Conversational AI systems are gaining a lot of attention recently in both industrial and scientific domains, providing a natural way of interaction between customers and adaptive intelligent systems. A key requirement in these systems is the ability to understand the user’s intent and provide adequate responses to them. One of the greatest challenges of language understanding (LU) services is efficient utterance (sentence) representation in vector space, which is an essential step for most ML tasks. In this paper, we propose a novel approach for generating vector space representations of utterances using pair-wise similarity metrics. The proposed approach uses only a few corpora to tune the weights of the similarity metric without relying on external general purpose ontologies. Our experiments confirm that the generated vectors can improve the performance of LU services in unsupervised, semi-supervised and supervised learning tasks.

2- Word representations in vector space and their applications for Arabic

A lot of work has been done to give the individual words of a certain language adequate representations in vector space so that these representations capture semantic and syntactic properties of the language. In this paper, we compare different techniques to build vectorized space representations for Arabic, and test these models via intrinsic and extrinsic evaluations. Intrinsic evaluation assesses the quality of models using benchmark semantic and syntactic dataset, while extrinsic evaluation assesses the quality of models by their impact on two Natural Language Processing applications: Information retrieval and Short Answer Grading. Finally, we map the Arabic vector space to the English counterpart using Cosine error regression neural network and show that it outperforms standard mean square error regression neural networks in this task.

3- Semantic query expansion for Arabic information retrieval

Traditional keyword based search is found to have some limitations. Such as word sense ambiguity, and the query intent ambiguity which can hurt the precision. Semantic search uses the contextual meaning of terms in addition to the semantic matching techniques in order to overcome these limitations. This paper introduces a query expansion approach using an ontology built from Wikipedia pages in addition to other thesaurus to improve search accuracy for Arabic language. Our approach outperformed the traditional keyword based approach in terms of both F-score and NDCG measures.

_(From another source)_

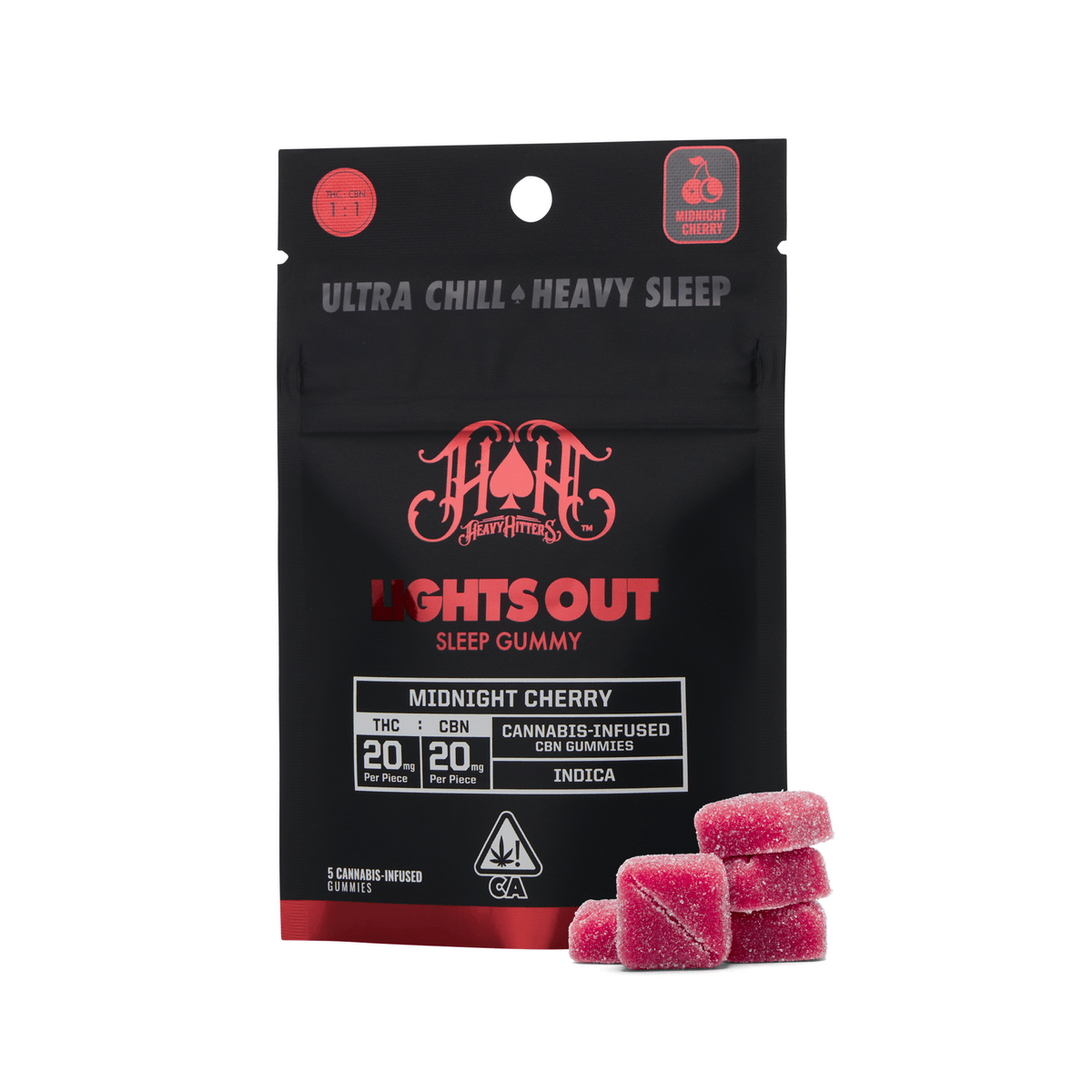 Midnight Cherry | Indica - Lights Out CBN Sleep Gummies - 100mg THC | 100mg CBN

Dependability of High Performance Computing Clusters

1- The mystery of the failing jobs: Insights from operational data from two university-wide computing systems

Node downtime and failed jobs in a computing cluster translate into wasted resources and user dissatisfaction. Therefore understanding why nodes and jobs fail in HPC clusters is essential. This paper provides analyses of node and job failures in two university-wide computing clusters at two Tier I US research universities. We analyzed approximately 3.0M job execution data of System A and 2.2M of System B with data sources coming from accounting logs, resource usage for all primary local and remote resources (memory, IO, network), and node failure data. We observe different kinds of correlations of failures with resource usages and propose a job failure prediction model to trigger event-driven checkpointing and avoid wasted work. Additionally, we present user history based resource usage and runtime prediction models. These models have the potential to avoid system related issues such as contention, and improve quality of service such as lower mean queue time, if their predictions are used to make a more informed scheduling decision. As a proof of concept, we simulate an easy backfill scheduler to use predictions of one of these models, i.e., runtime and show the improvements in terms of lower mean queue time. Arising out of these observations, we provide generalizable insights for cluster management to improve reliability, such as, for some execution environments local contention dominates, while for others system-wide contention dominates.